IRNA quoted Tehran's ambassador to Riyadh as saying the al Qaeda members had been arrested in Iran after the U.S.-led war on Afghanistan, but did not name them, or say how many had been extradited or when they had been handed over to Saudi Arabia.

The envoy, speaking to IRNA on the sidelines of a conference in Tehran, said Iran and Saudi Arabia, leading oil producers and both Muslim nations, had signed a security pact and "have shown a firm resolve to improve ties in all areas," the BBC said.

Last Sunday IRNA quoted Hassan Rohani, secretary-general of the Supreme National Security Council, as saying that Iran had foiled a number of attacks al Qaeda had been planning to carry out on its soil.

"Their (al Qaeda's) plans for a wide range of terrorist acts inside Iran were neutralized by our intelligence organizations," IRNA quoted Rohani as saying, though he gave no details.

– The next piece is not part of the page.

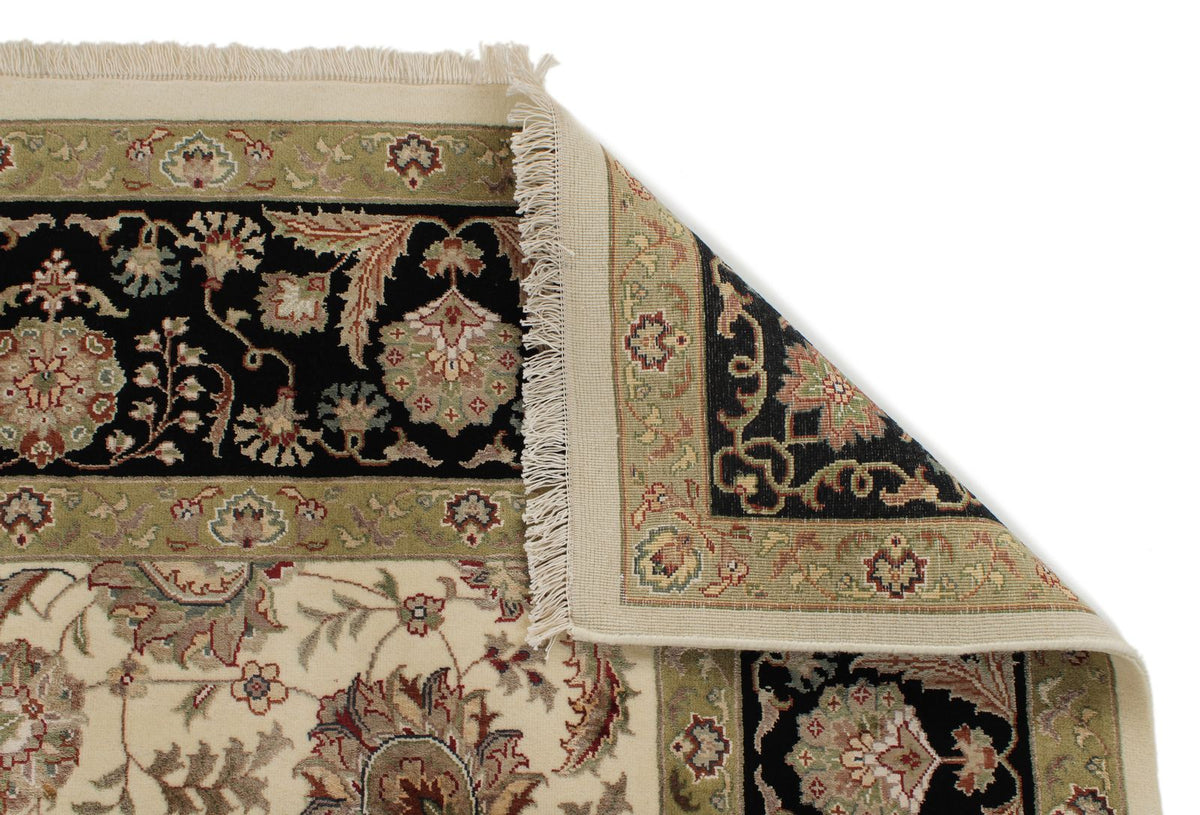 8x10 Ivory and Black Turkish Silk Rug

Although a staunch political enemy of Washington, Iran condemned the September 11 attacks on the United States which were blamed on al Qaeda and was fiercely opposed to the rule of al Qaeda's former sponsors, the Taliban, in neighboring Afghanistan.

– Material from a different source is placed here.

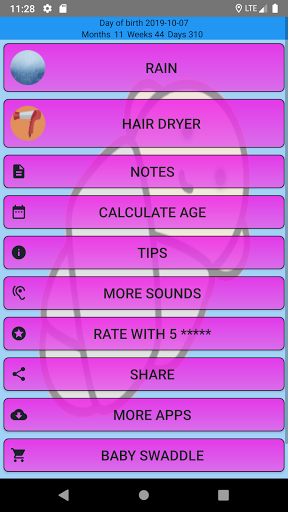 Android application Baby white noise sleep sounds screenshort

Tehran has said previously that it has arrested a number of al Qaeda members, including some senior figures in Osama bin Laden's organization. But it has declined to name them and has refused to hand them over to U.S. officials for questioning.

The Islamic Republic has also acknowledged that its extensive eastern border with Afghanistan is hard to police and some fleeing al Qaeda members may have been able to slip into the country undetected.

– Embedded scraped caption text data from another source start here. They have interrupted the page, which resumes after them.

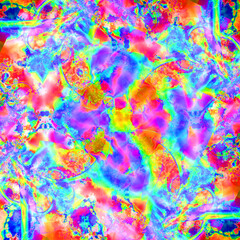 Fototapeta na wymiar Creación de arte digital psicodélico compuesto de manchas difuminadas y solapadas formando una especie de conglomerado caleidoscópico en colores de fantasía.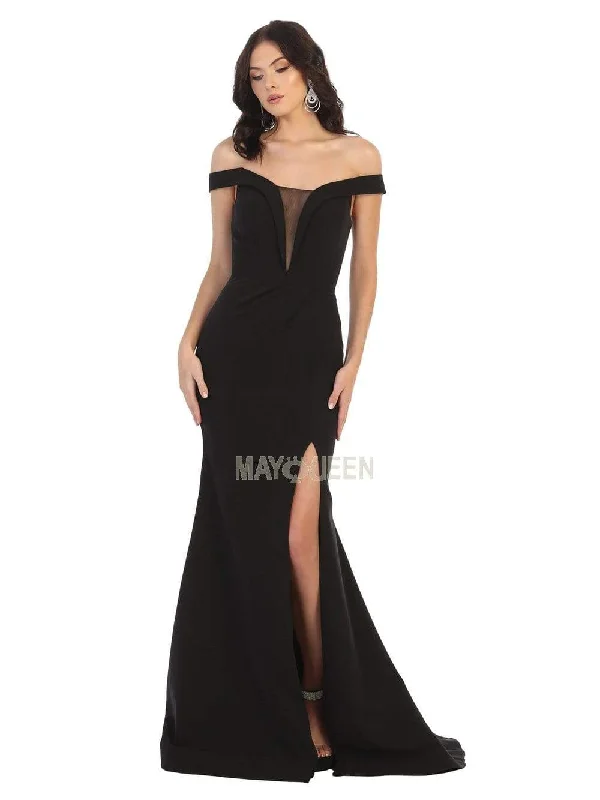 May Queen - MQ1748 Foldover Plunge Off Shoulder High Slit Dress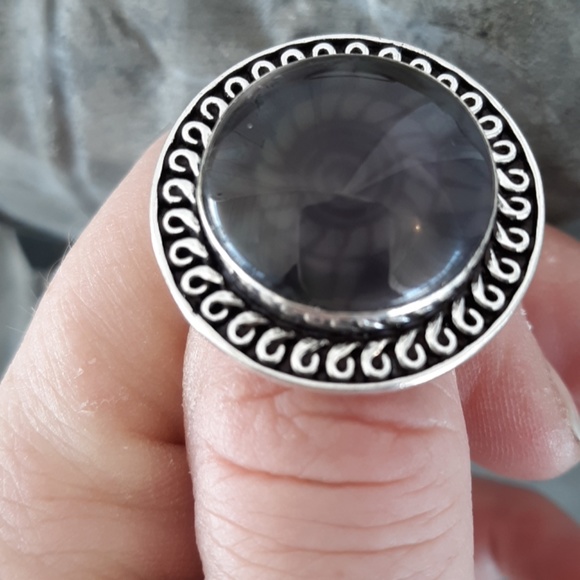 New Unique Fancy Glass 925 Silver Ring. - Picture 5 of 7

Intelligence sources and media reports suggest Iran may be holding Saad bin Laden, a son of the al Qaeda leader, al Qaeda's security chief Egyptian Saif al Adel and its Kuwaiti-born spokesman Sulaiman Abu Ghaith, among others.

Washington has in the past accused Iran of sheltering al Qaeda and said members of bin Laden's network in Iran may have planned the May 12 bombings in Riyadh, Saudi Arabia, which killed 35 people.

Fifteen of the 19 men who carried out the September 11 suicide hijackings in the United States were Saudi citizens, and Riyadh, under pressure from Washington, has launched a crackdown that has involved bloody clashes between security forces and militants.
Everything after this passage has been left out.